6 – Sere nere – Tiziano Ferro
“Perché fa male, male, male da morire senza te”. Tiziano Ferro è il mood dei nostri giorni, dei tempi passati, degli amori scommessi e altri vinti. Sere nere è il riassunto accurato di chi ha sofferto per amore. O chi ha sofferto mentre cercava l’amore. L’amore dei miei compagni, dei miei parenti, di tutti coloro che si avvicinavano a me, sfiorandomi con un gesto, con una parola. Una canzone che ho cantato a squarciagola, quando da ragazzino credevo che per sfuggire al razzismo bastasse imitare quanto più possibile gli altri, nei pomeriggi caldi all’oratorio salesiano. Ogni persona queer, ogni soggetto discriminato ha vissuto sere nere. Ma alla fine, dietro l’oscurità, si cela sempre uno spiraglio di luce.

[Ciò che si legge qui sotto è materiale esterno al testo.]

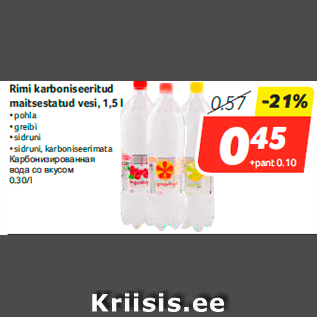 Allahindlus - Rimi karboniseeritud maitsestatud vesi, 1,5 l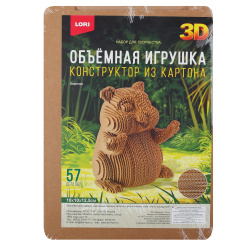 Конструктор, картонный, 57 деталей, Хомячок, Объемная игрушка, Lori, Нг-006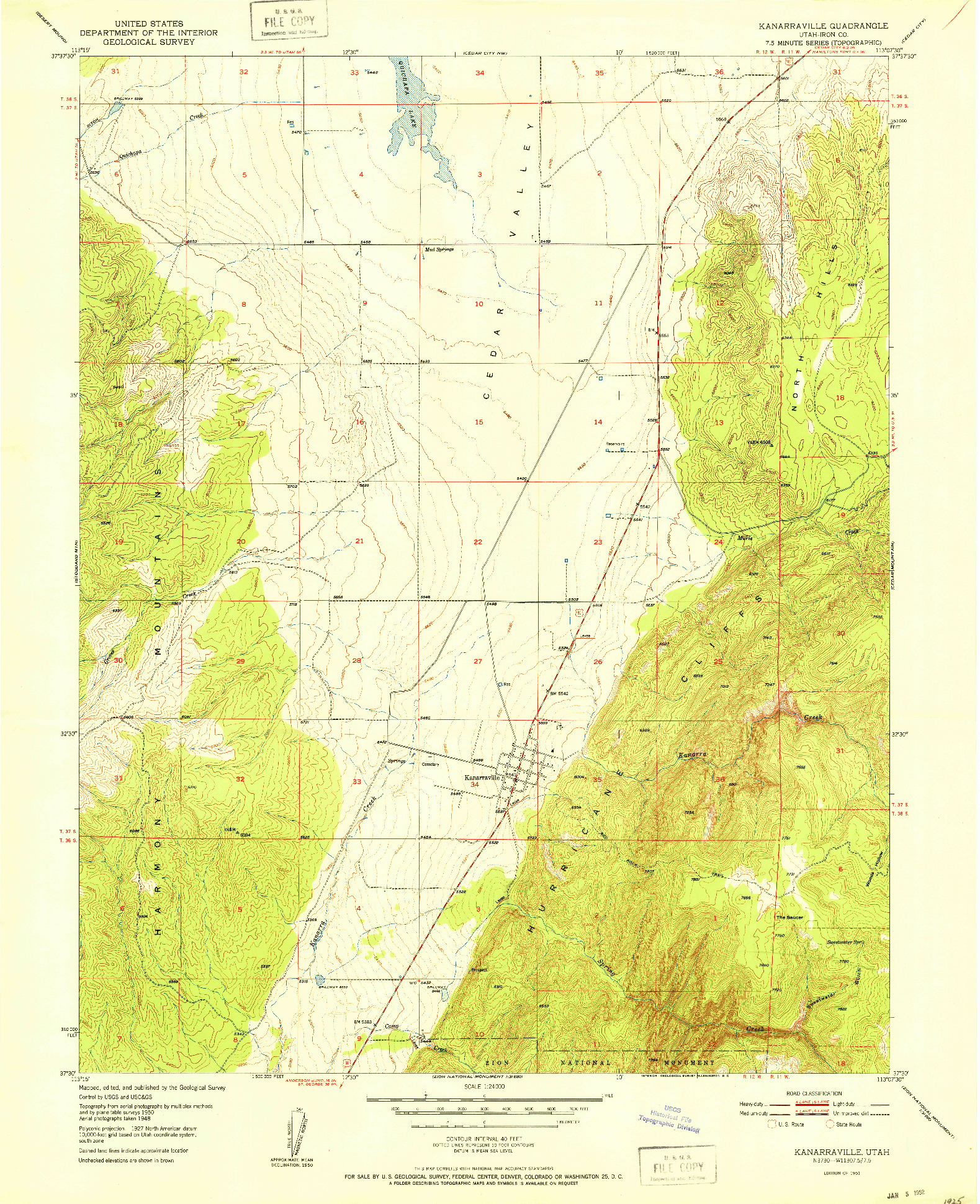 USGS 1:24000-SCALE QUADRANGLE FOR KANARRAVILLE, UT 1951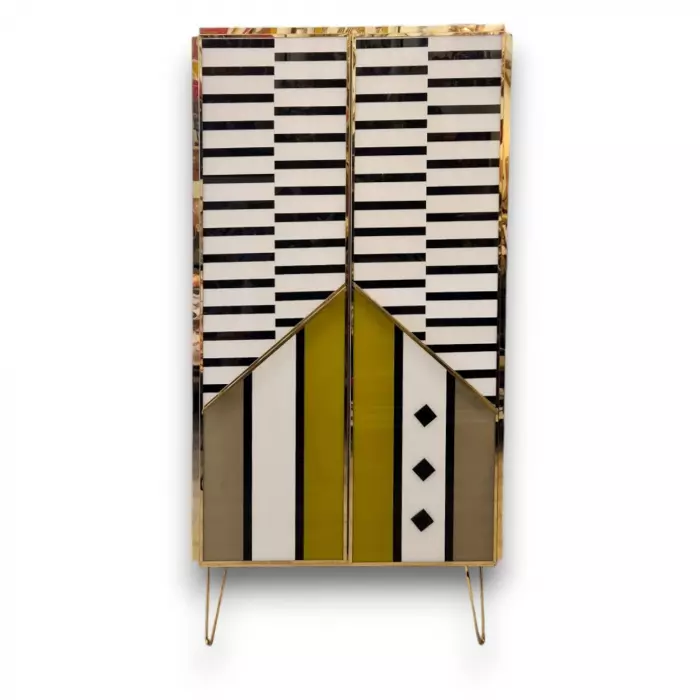 Late Art Deco cabinet in polychrome glass marquetry, Murano, Circa 1950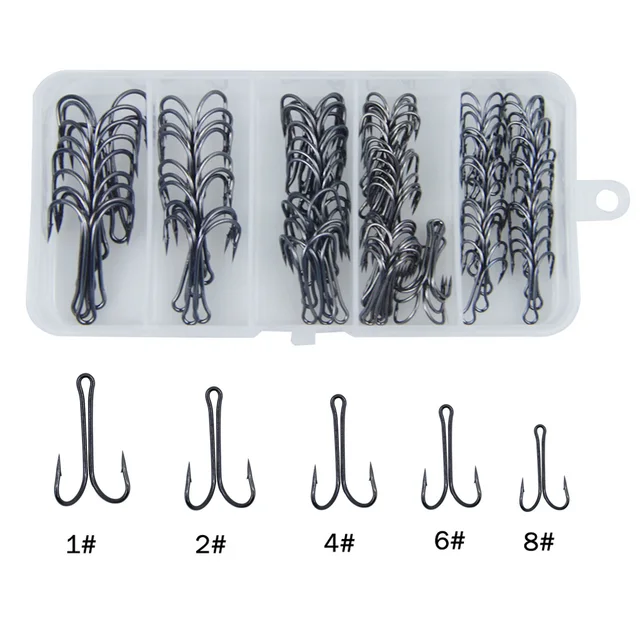 Best Price 100Pcs/Box High Carbon Steel Black Double Fishing Hooks Kit Fly Tying Double Hook For Jig Bass Fishhook Best Price 100Pcs/Box High Carbon Steel Black Double Fishing Hooks Kit Fly Tying Double Hook For Jig Bass Fishhook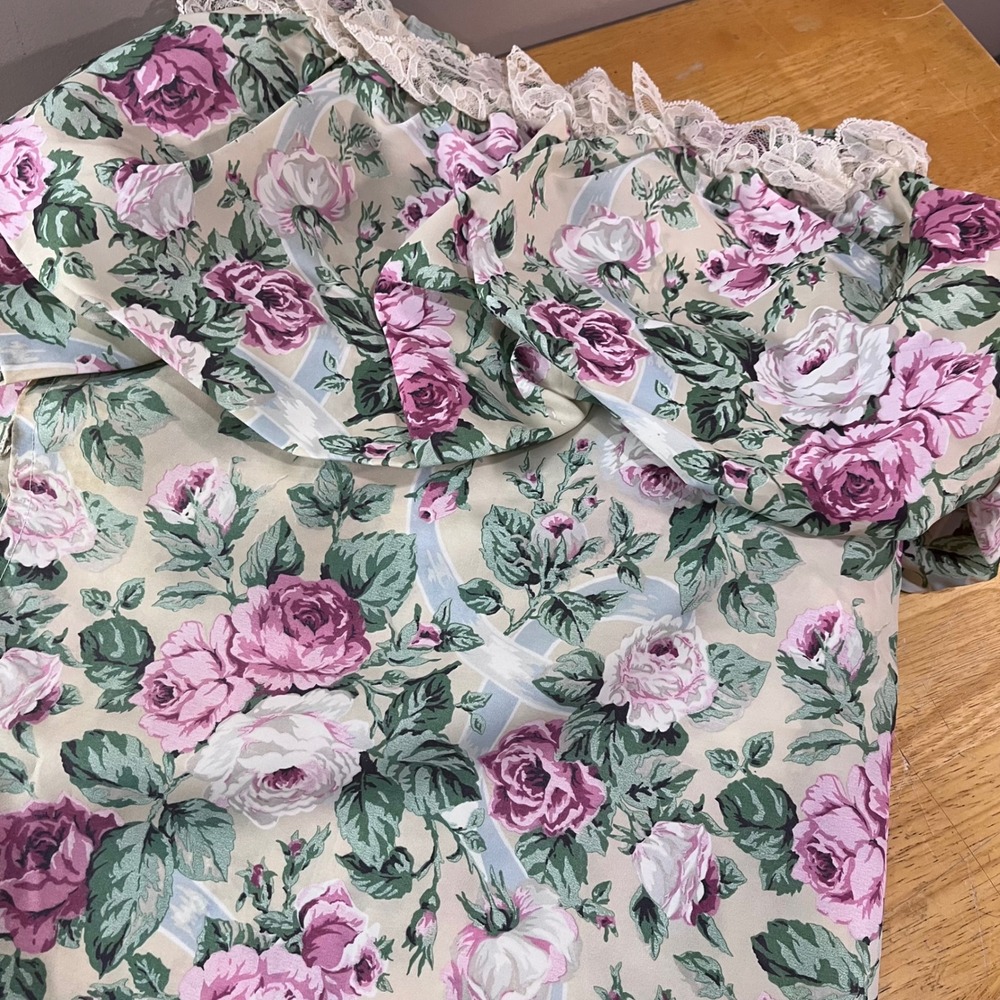 Vtg Excell Pink Rose Floral Lace Blouson Valance Shower Curtain Cottagecore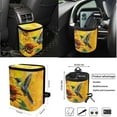 thumbnail image 4 of KUIFORTI Hummingbird Sunflower 15 PCS Car Seat Cover Set Seat Covers Steering Wheel Cover Seat belt Cover Pad Cup Coasters Car Garbage Bag Car Storage Box Rear View Mirror Cover Keychain, 4 of 5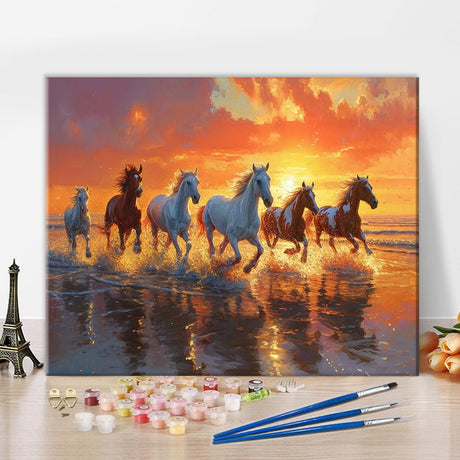 Horse Paint by Numbers Kit for Adults, DIY Animals Acrylic Paint by Numbers Kits on Canvas, Sunset Beach Oil Painting for Gift Home Wall Decor Art Crafts 16"x20"(Frameless) TUMOVO
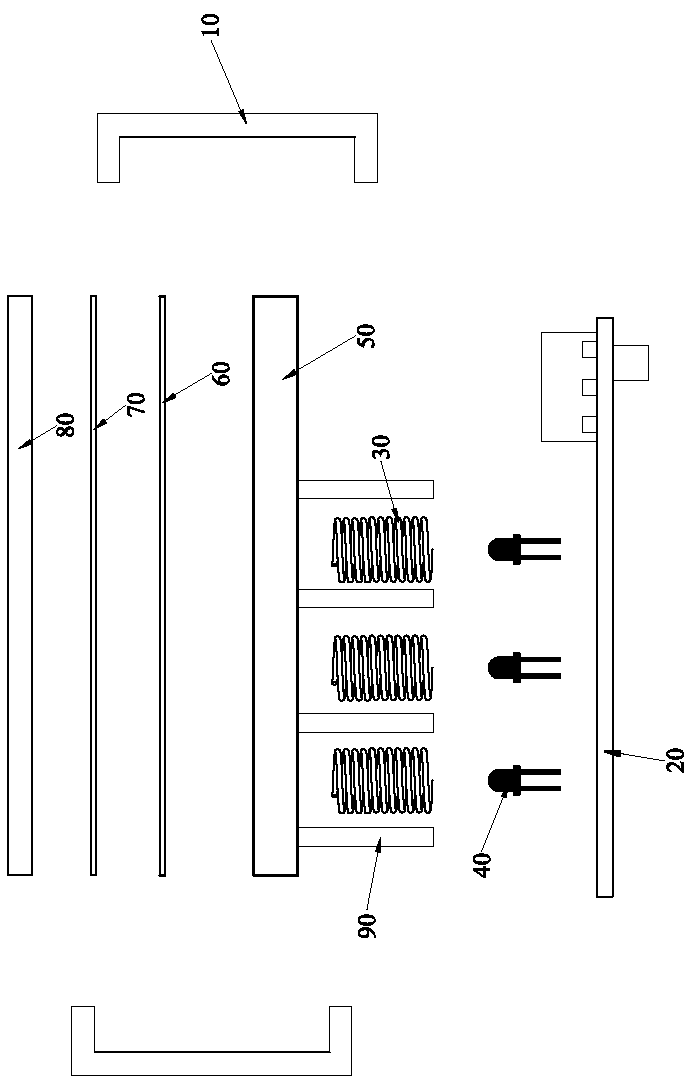 Touch device with light emitting button display function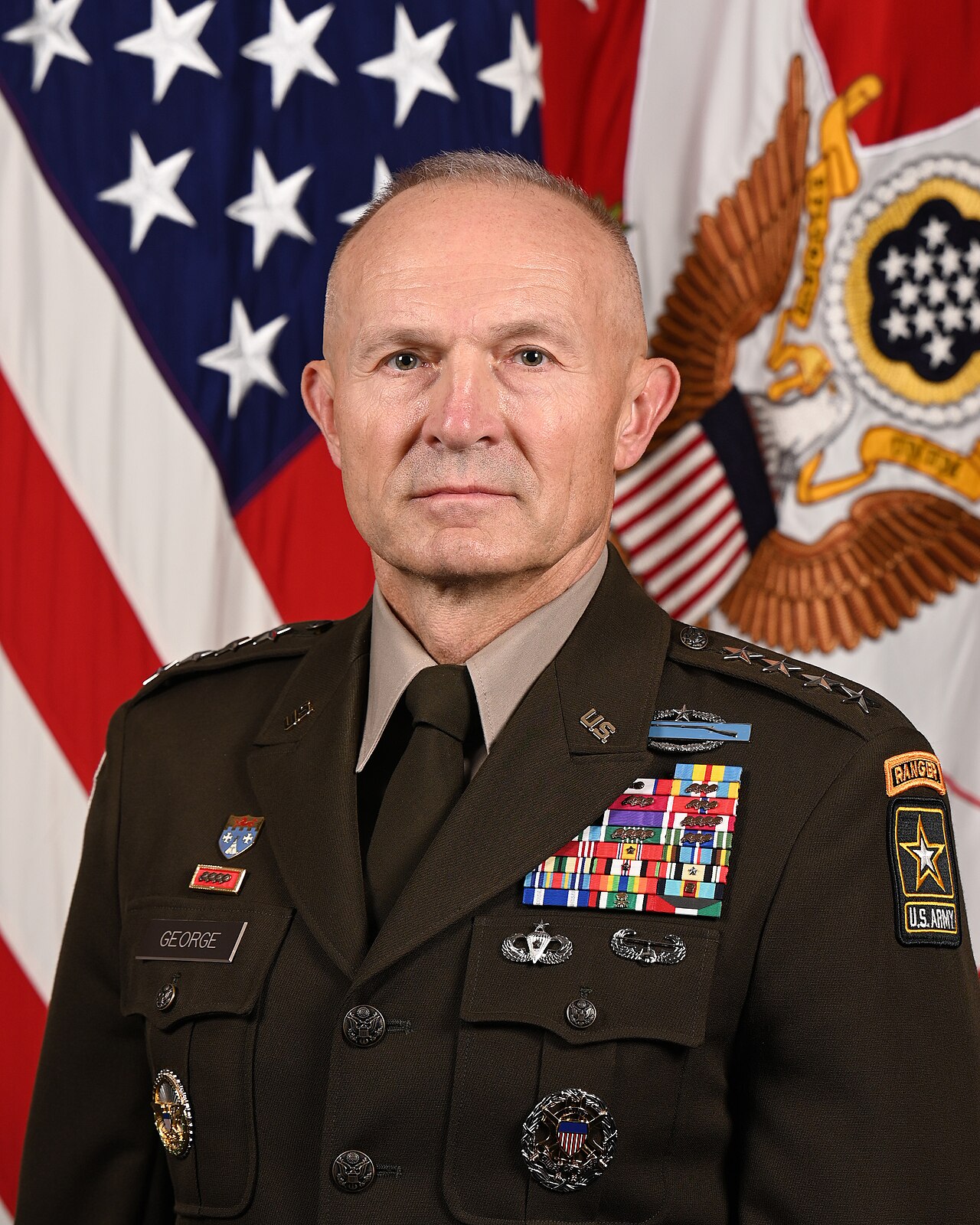 U.S. Army Gen Randy A. George, 41st. Chief of Staff for the Army, poses for his official portrait in the Army portrait studio at the Pentagon in Arlington, Va., Oct.03, 2023. (U.S. Army photo by Will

7 – Parlo con te – Giorgia
“E tu spiegami adesso tutto questo silenzio dove va a finire”. Io non l’ho ancora capito. Ho cercato per anni di trovare la fine dei mille silenzi che mi circondavano. E non ci sono mai riuscito. Poi arriva questa canzone, era il 2007, avevo appena iniziato le scuole superiori. Tutto intorno cambiava, anche il mio corpo. Riproducevo il brano in loop, nel mio mp3 nuovo. E ogni volta, rimanevo con le parole tra le labbra, come se scappassero da me, per cercare al posto mio un luogo in cui essere ascoltate. Ho pianto e sorriso e oggi ne conservo i ricordi più belli, quelli di una rinascita che parte da una canzone, per farsi messaggio universale.
8- Superstar – Jamelia
“I don’t know what it is that makes me feel like this”. Nel 2003, Jamelia cantava un brano che sarebbe diventato must have di un’intera comunità di aspiranti popstar, nella propria cameretta. Volume altissimo, stacco di coscia e subito in pista (cioè il tappeto di paperino nella mia cameretta). Ancora oggi, quando mi ricapita di ascoltare il brano, non posso che pensare a quanto fosse bello immaginare di essere altro. Popstar di successo, una superstar invidiata da tutti. Poi ritornavi alla realtà, con il lettore cd ancora tra le mani. Bei tempi. tutto il resto rimaneva fuori. Nel mio club c’era posto solo per i sogni.
9- A chi mi dice – Blue
“A chi mi dice che tornerai, non credo oramai”. Un po’ il brano recap della mia vita. Il testo è scritto da Tiziano Ferro (nei miei drammi c’è sempre lui). La versione inglese, Breathe Easy, è solo una scusa per soffrire anche in un’altra lingua. Lo scorso novembre li ho visti in concerto a Roma, con la cugina Samira che conosceva a memoria tutti i vecchi brani. Questa canzone è importante, per me, per una serie di motivi: mi ricorda la Tunisia, la prima letterina scritta alla compagna di classe per cui credevo di avere una cotta (ma era semplice negazione del sé). Mi ricorda il freddo delle giornate passate in un angolo, con la speranza di non essere preso di mira dai miei compagni. L’ascolto oggi e un po’ sorrido: quanto bisogna soffrire prima di essere felici?
10 – …
Voglio lasciare l’ultimo brano a te che stai leggendo. A te che hai sofferto. A te che grazie alla musica hai trovato uno spazio in cui riprendere aria. Muovendo velocemente i polmoni, quasi a farli scoppiare. La musica crea collettività, un grande spazio in cui riflettere, ballare, piangere, ridere. E adesso, dimmi: qual è il brano che ti ha salvato la vita?